From cradles of the sport to a Naxal stronghold, these are the larger-than-life back-stories of the Indian hockey’s giant-killers
From cradles of the sport to a Naxal stronghold. Some criticised for not doing chores, others moulded by the heat of farms and factories. Living up to a brother who represented the nation, rejoicing a sister who bought a stick with daily wages. Playing hockey to escape an alcoholic father and to vindicate a father who fought societal norms. These are the larger-than-life back-stories of the Indian hockey’s giant-killers:
Rani Rampal (26, Forward) Shahbad, Haryana
Sport is very important for women in India, it makes us brave, you can speak; when you are right, you can speak for the right. You can say “I am not wron
Rani has been playing international hockey for almost half her life, a journey that began with her playing with a broken hockey stick while wearing a salwar-kameez. She made her debut at the age of 14. Now 26, Rani is the key player of the team. With her unerring ability to be at the right place at the right time, she has been India’s saviour on many occasions. She has also helped the team win a Junior World Cup medal, Asian Cup, and was one of the key reasons why India could qualify for the back-to-back Olympics for the first time.
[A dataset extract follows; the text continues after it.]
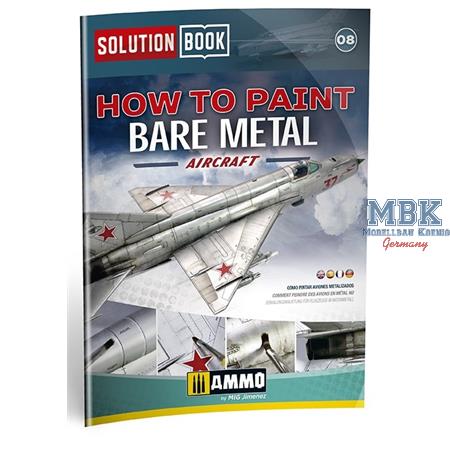 How To Paint Bare Metal Aricraft Solution Book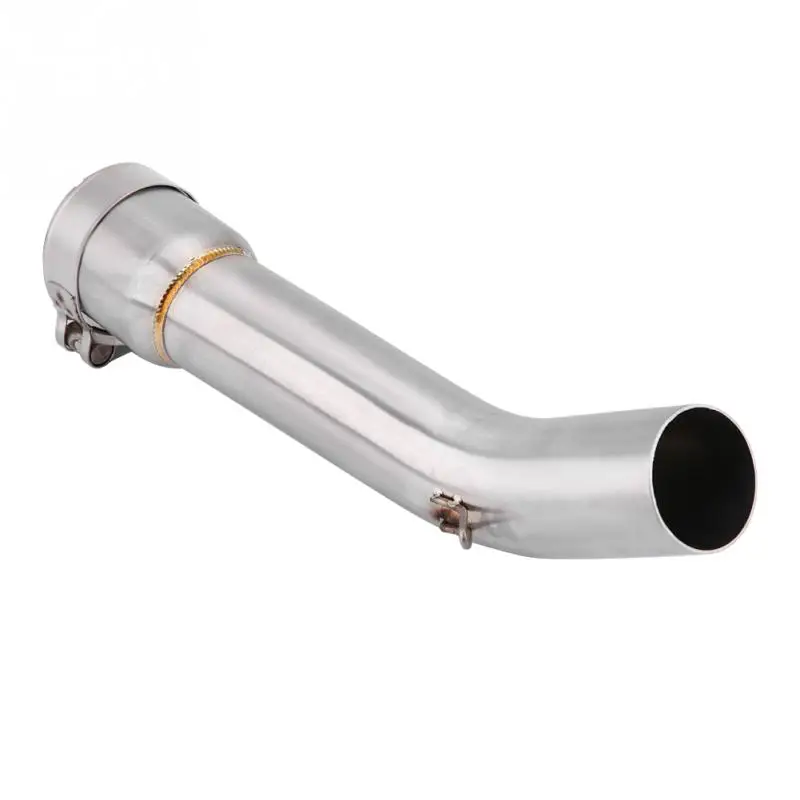 Полная выхлопная система мотоцикла соединительная средняя труба для Yamaha FZ1 FZ1-N 2006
Neha Goyal (24, Midfielder) Sonipat, Haryana
For a teenaged Neha Goyal, hockey was an escape that came with two meals. This kept her away from her alcoholic father who would abuse her mother. The first-time Olympian worked alongside her mother in a cycle factory, earning Rs 5 to fix one spoke of a wheel. Goyal’s calling card in hockey is her ability to turn on her blistering pace and score goals. She made her debut for the national team at the age of 18. Since 2018, Goyal has won the silver medal at the Asian Games and has been conferred the Hockey India Midfielder of the Year Award.
Nikki Pradhan (27, Defender) Hesal, Jharkhand
We had decided after the Rio Olympics that coaches will come and go, but the work that has to be done, we are the ones who have do it. Us girls, 25 of us.
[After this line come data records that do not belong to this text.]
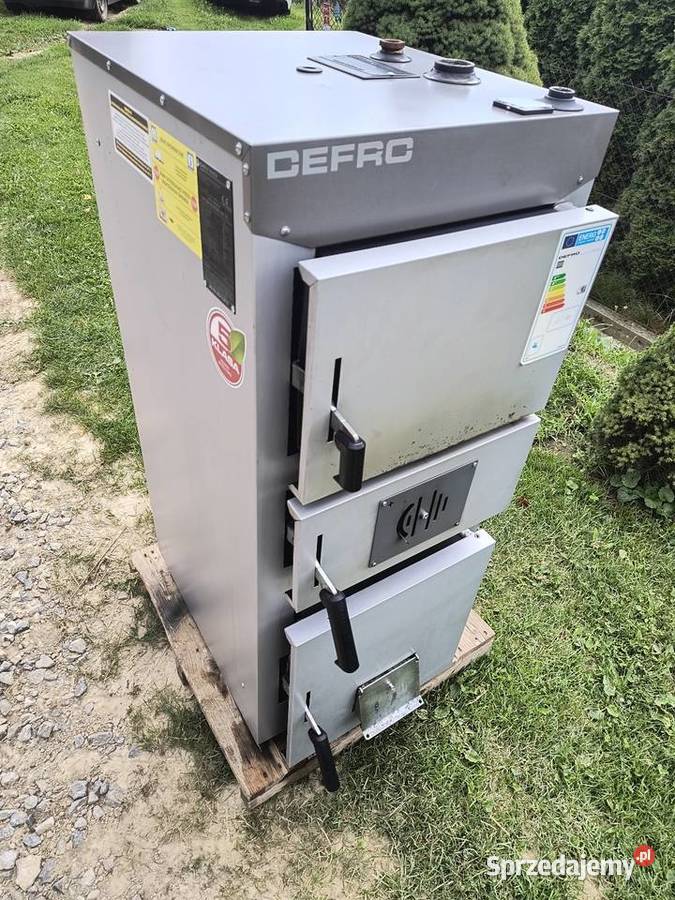 Defro 22Kw 2022 5 KLASA ECODESIGN sas ogniwo Tarnów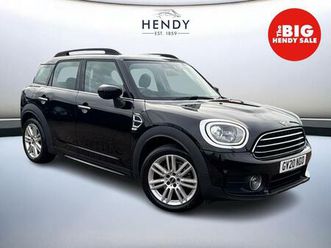 1.5 cooper exclusive steptronic euro 6 (start/stop) 5dr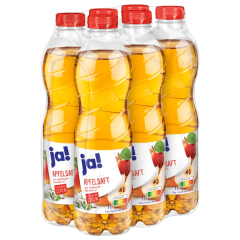 ja! Apfelsaft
Hailing from an area known to be a Naxal stronghold, Pradhan claimed she does get scared when travelling back to meet her parents. Riddled with financial troubles while growing up, her elder sister, who also played hockey, had worked as a labourer in order to purchase a hockey stick. Pradhan got her first pair of hockey shoes and a stick when she moved to an academy in Ranchi in 2006. She was in and out of the national structure before finally securing a spot in the team in 2015, just in time for Rio, where she became the first player from her state to play at the Olympics.
Nisha Warsi (26, Midfielder) Sonipat, Haryana
A late-bloomer, Warsi only made her international debut two years ago. Partly, it was because she had a rather start-stop association with the game. She took up the sport since there was not much equipment required, and was keenly supported by her father who worked as a tailor. In 2015 though, he suffered a paralytic attack and her mother had to work at a foam manufacturing factory to make ends meet. It took Warsi another three years before she broke into the Indian team in 2018, and since then she’s been a mainstay.
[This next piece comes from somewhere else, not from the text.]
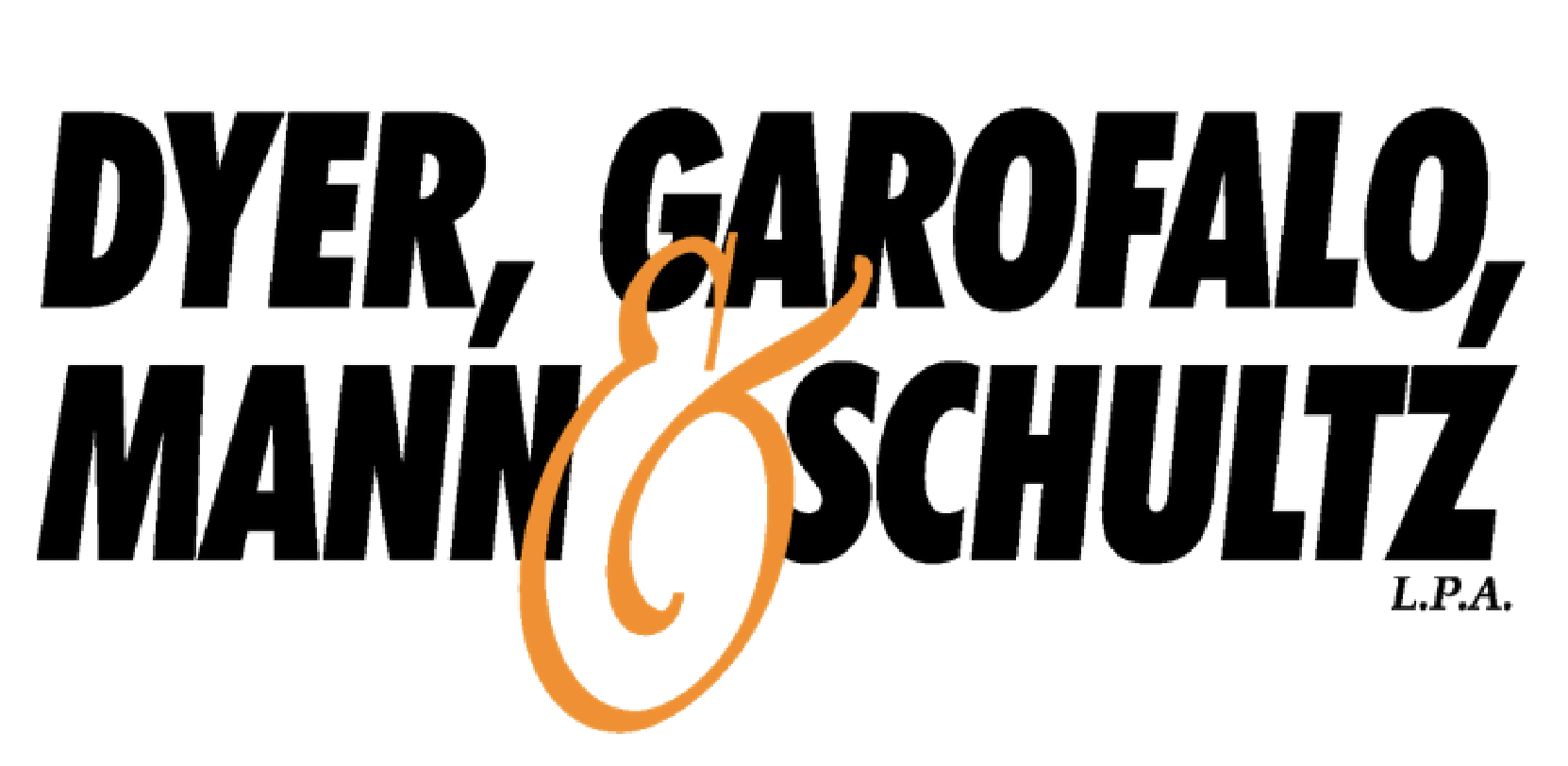 Dyer, Garafalo, Mann & Schultz logo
Lalremsiami (21, Forward) Kolasib, Mizoram
I told my parents, if I have to play hockey, I have to leave the state. If I want to play long-term hockey, I have to face living away from home. They were afraid to send me out of the state but they said, you have chosen, so we must support.
One of the finest forwards in the team, Siami, as she is called by her teammates, is central to the idea of playing high-tempo hockey. When she was first selected as a 16-year-old, Siami could not speak English or Hindi. She communicated mainly through sign language apart from talking in monosyllables. She shared a room with her idol Rani Rampal, who led Siami’s initiation into the team. She created history by becoming the first female player from Mizoram to make it to the Olympics and was the first Olympian from the state in 25 years after Archer C Lalremsanga.
Sushila Chanu (29, Midfielder) Imphal, Manipur
I don’t get affected by praise, I don’t accept it easily. I don’t praise people too much either.
One of the senior-most players in the team, Sushila has been one of India’s most influential players in the last decade alongside Rani Rampal. The half-back from Manipur, who works for the Railways in Mumbai, captained the team at the Rio Olympics, which was the women’s team’s first appearance at the Games since 1980. She has over 150 caps for the national team, has played across the Asian Games, Commonwealth Games, and was instrumental in shutting out the Australians in the quarter-finals.
Deep Grace Ekka (27, Defender) Lulkidihi, Odisha
I don’t wear a mouth guard during penalty corners, I’ve never been hit in the face but I have no fear of that now. I did have some fear early, but now we’ve been made so fearless that we are not scared at all. If you don’t get out of fear, if you don’t shake it off, you can’t play properly.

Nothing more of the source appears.